*Activity*
Print the listing exactly as it stands, and skip any pictures in it.

*Data section*
_ _ _

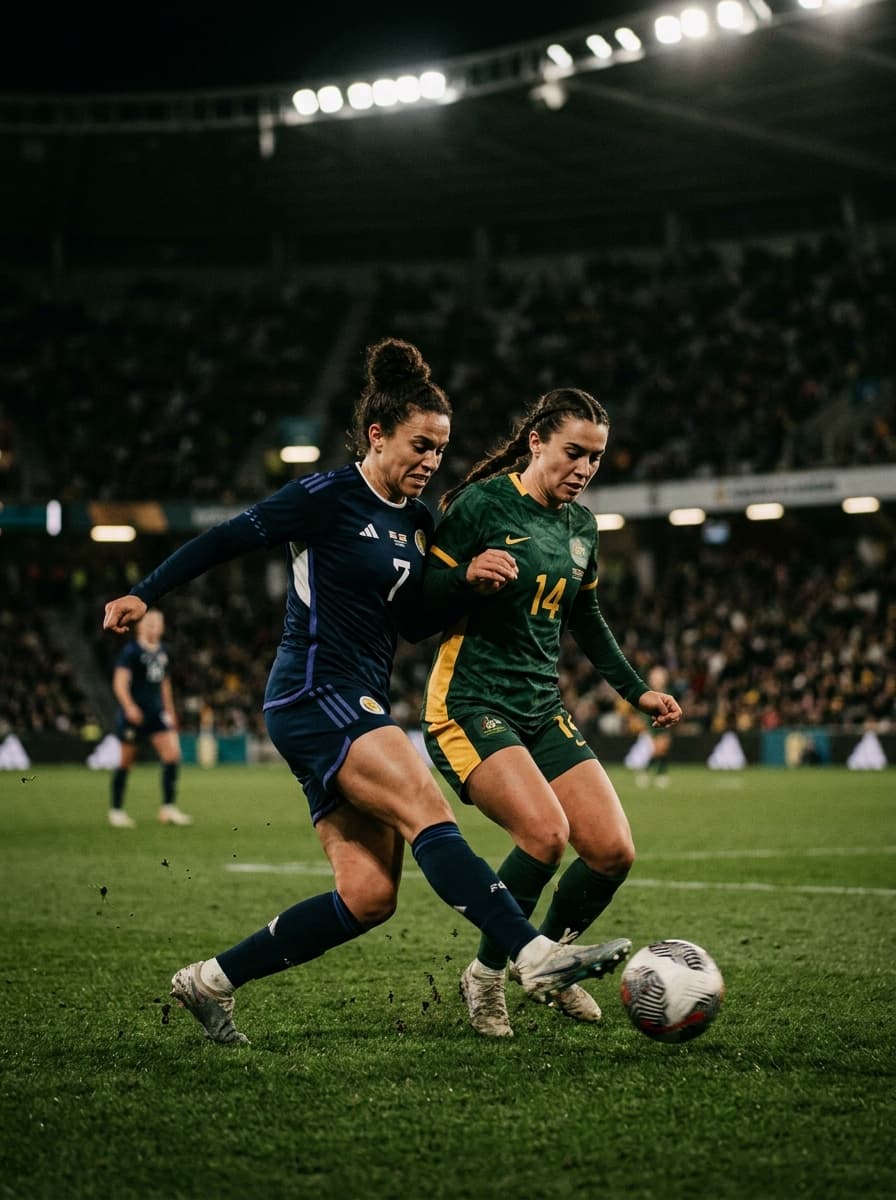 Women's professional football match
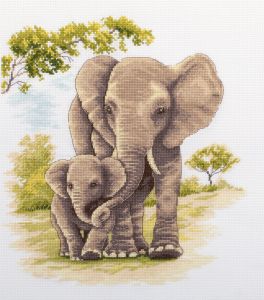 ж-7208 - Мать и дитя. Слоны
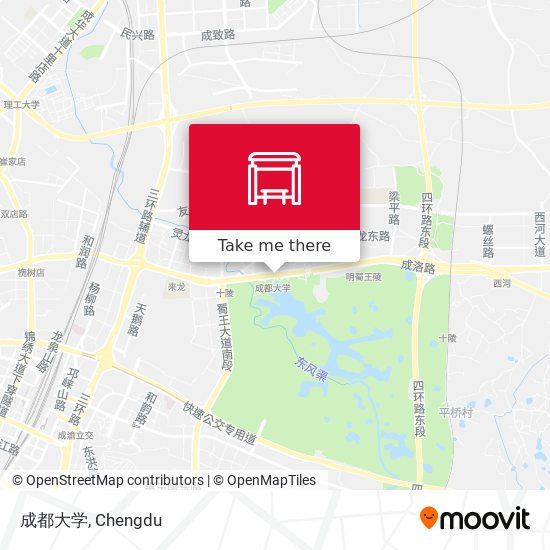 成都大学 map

_ _ _

*Answer*
 Women's professional football match
 ж-7208 - Мать и дитя. Слоны
 成都大学 map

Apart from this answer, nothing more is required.